What followed is a momentary tug-of-war between man and beast? Manong Doming pulling hard to free his gloved hand from the eagle’s grip, and the eagle clasping even tighter.

He felt the formidable claws through the leather with every squeeze of the talons. He feared the worst. Instinctively, Manong Doming slipped his hand out and left the glove with the eagle. The eagle gripped greedily.

After what seemed to me is a “Eureka” moment for him, Manong Doming offered his other gloved hand and the eagle quickly snatched it. He did the same, slipped off his left hand and left the leather glove with the bird. With both claws full, it became very easy for him to grab and restrain the eagle’s legs using only his bare hands. In no time, the bird was restrained with the help of the others and was returned to her cage.

Thereafter, the intentional use of leather gloves as lure for capturing aggressive eagles on the ground became standard.

Indeed, although Thor was never a mother to any eagle at the center, her upkeep paved the way for refining PEF eagle husbandry techniques across the years.

Her charismatic story and fame as the eagle Methuselah of the center inspired ABS-CBN’s Kuya Kim (Kim Atienza) and wife Feli Atienza to adopt Thor. Since 2008, the Atienza couple donated funds to make sure that the aged Thor gets the right care, housing conditions, food, and medicine.

And truly, she aged decently. On the eve of all soul’s day, she died peacefully.

But just like how it works in the wild, a young bird replaced Thor.

Three days after she died, a chick broke out of its eggshell at the PEC.

The 28th eaglet to be hatched in captivity at the center, the still unnamed chick is now over a month old.

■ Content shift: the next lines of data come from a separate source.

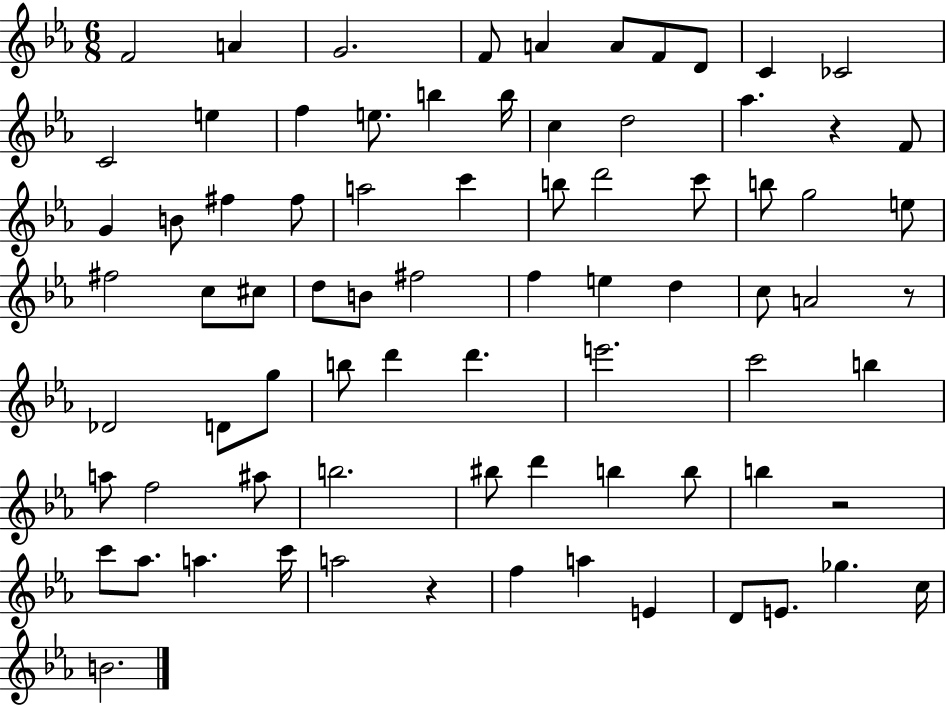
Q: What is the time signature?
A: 6/8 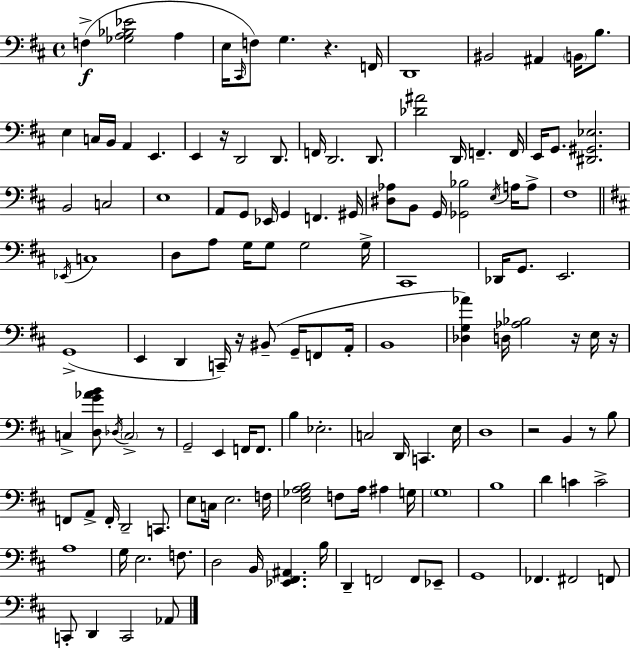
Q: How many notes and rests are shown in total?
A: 137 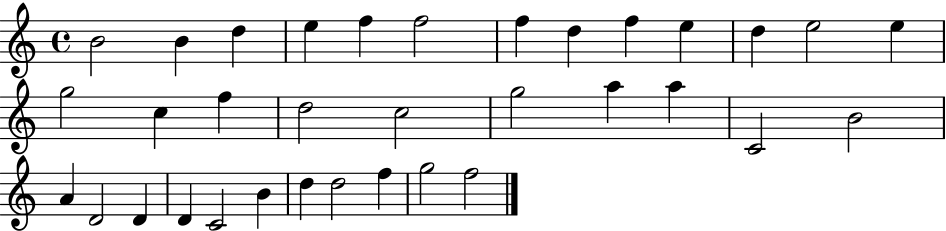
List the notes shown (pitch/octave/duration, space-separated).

B4/h B4/q D5/q E5/q F5/q F5/h F5/q D5/q F5/q E5/q D5/q E5/h E5/q G5/h C5/q F5/q D5/h C5/h G5/h A5/q A5/q C4/h B4/h A4/q D4/h D4/q D4/q C4/h B4/q D5/q D5/h F5/q G5/h F5/h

According to Senior Animal Keeper Eddie Juntilla, the bird’s caretaker, the eaglet is healthy and exhibits normal growth and development.

But like a few of the eagles bred in captivity, “Chick 28” was a “breech-chick”, its feet rather than the head are at the egg’s broad end.

The wider end of the egg contains an air sac which provides the first supply of air to the bird when it canal ready breathe on its own and hatch. When the chick runs out of air, it punctures the shell with its beak (pips) to get fresh oxygen.

A “breech chick” pips at the opposite (narrow) end of the egg, and must be assisted.

Eddie helped Chick 28 to give it a head start. One at a time, he carefully tookoff tiny pieces of the shell around the “pip” hole to enlarge it.

Next, it’s a matter of waiting patiently until the chick frees itself from the shell.

There is hope that Chick 28 grows to sexual maturity and hatch chicks of its own. The eaglets bred in captivity can then be released in the wild to help replace eagles dying from both natural and human-causes (shooting and trapping).

“Normal death and birth rates perpetuates all species into the future. When more birds are dying than being born, populations can spiral towards extinction” remarked PEF Executive Director Dennis Salvador.

“Both in captivity and in the wild, one conservation aim is not to disrupt a healthy balance in this fundamental life process” he added.

Eagle Thor left us, but we gained Chick 28.

The King (of birds) is dead, Long live the King! (Jayson Ibanez)


Jayson Ibanez is the Director for Research and Conservation of the Philippine Eagle Foundation.